Yeah, so, I mean, again, my experience might be a little bit different. I mean, you know, I kind of knew I was going to say from day one, but really like day zero that this was going to be an R-based team, you know, and because that's what I think is the best tool for what we do. And we're a very research-intensive job, and I think R is like a superior tool chain just for research. But we do sit next to kind of the Quant development team, or I should say we will sit next to them when we're back in the office. Right now we just have a lot of Zoom calls with them. And they're the team of pretty heavy Python users, and they haven't really found a great environment for what they do. So they are probably going to end up just cloning our R production environment and just using it as a Python production environment using the RStudio tool chain.
The talent pool has actually been a pretty interesting experience for us. So like I said, we have this internal data science accelerator, and I definitely would say that if there's 20 candidates per rotation, all of them will have Python on their resume. It's a very, very ubiquitous language. But then we will find a handful, maybe four or five, who are really passionate about R. And they're excited about it. They're fired up about it. So we've been able to find super high quality people, even though maybe there's fewer of them.
It's actually been kind of an interesting experience because it's almost gotten to the point now that we just tell the people who run the program, listen, if there's any really, really passionate R coders out there, just send them our way. So there's probably 15 teams competing for all the Python coders, and then there's like us and one other team competing for the R coders. So we kind of get the cream of the crop for R coders.
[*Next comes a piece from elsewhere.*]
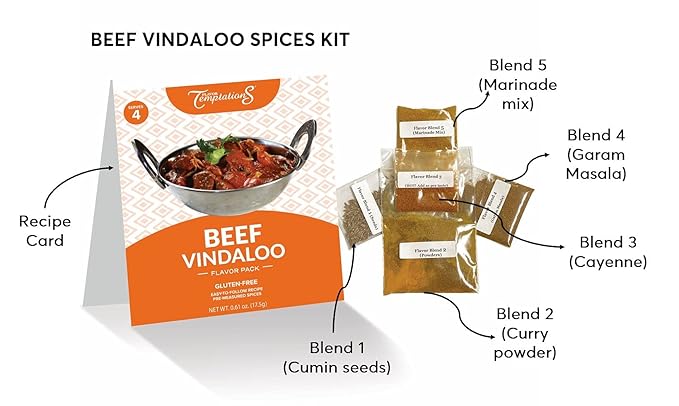 Butter Chicken Makhani Tandoori Chicken Beef Vindaloo Indian food spice kits by Flavor Temptations | Home Cook Authentic Indian Food | Organic Gluten Free No Sodium (6 Spice Kits)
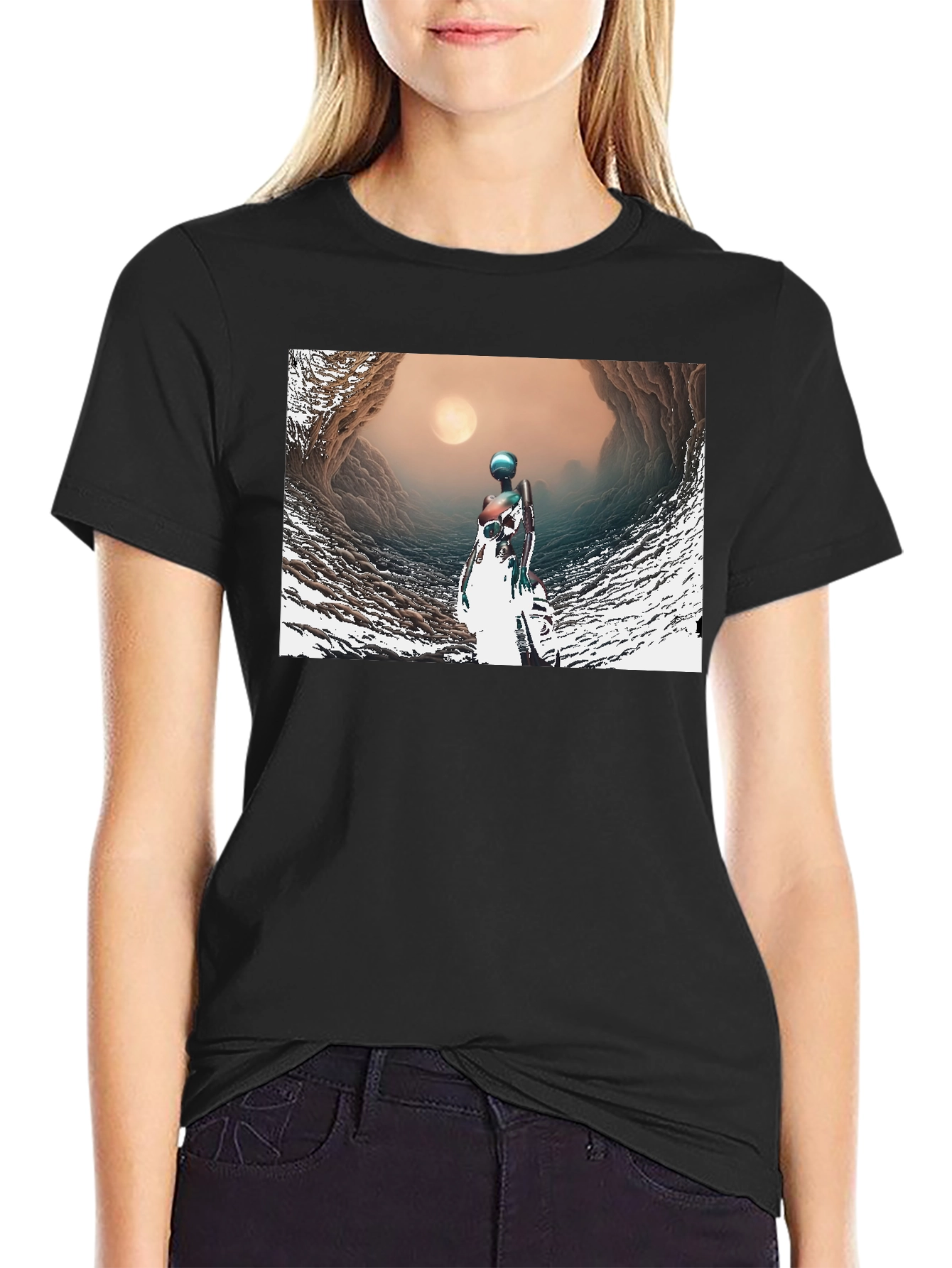 Abstract Figure Black T-Shirt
Well, let's see here. It would impact us. Well, I don't think it would impact the end results that we could deliver, I guess, at the end of the day. I mean, I kind of feel like there's probably really skilled Python coders who can do what we do in R. I wouldn't be one of them. I can tell you that. So that would probably be the sign that I'm back to the R world somewhere.
I mean, that being said, especially for what we are, our end product is research reports and typically visualizations. So that's usually what we are building. So from that sense, I actually don't know if I don't know if there's a huge population of Python coders who really want to dig into what we're trying to do and spend as much time as we do trying to build reproducible charts and things like that. And also, like I said, we use R Markdown for all of our reporting because we just think it's the best templating tool out there. Obviously, you can use Python within R Markdown, so that would be a possibility.
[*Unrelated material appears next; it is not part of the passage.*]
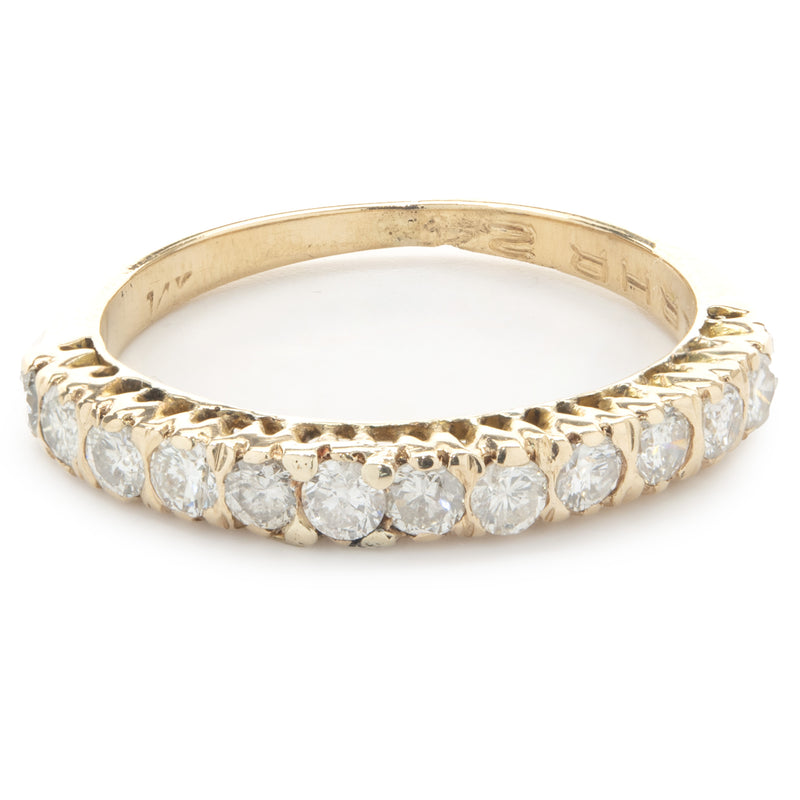 14 Karat Yellow Gold Diamond Band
I guess I don't know enough about the Python world to say whether there's some equivalent R Markdown out there. I mean, every once in a while I'll see on Twitter, someone will say, hey, this is just like R Markdown but for Python. But then other people are like, nah, not really. It's not really like R Markdown for Python. But I'm not a Python person. So for what we do, R is the superior choice.
And I guess, you know, I wouldn't be here doing it if I didn't think that. And Shiny has actually also been really, really useful for us, because I would say the kind of blocking and tackling of what we do, which a lot of people really just want clean data. A lot of times we're just building Shiny front ends to SQL databases so that people can like intuitively sift through data, see some interesting charts, possibly download those charts or just download the raw data behind them. So we found Shiny to be like really useful for that. Again, I'm sure there's Python coders out there who could build the same in Python. But Shiny works beautifully for us.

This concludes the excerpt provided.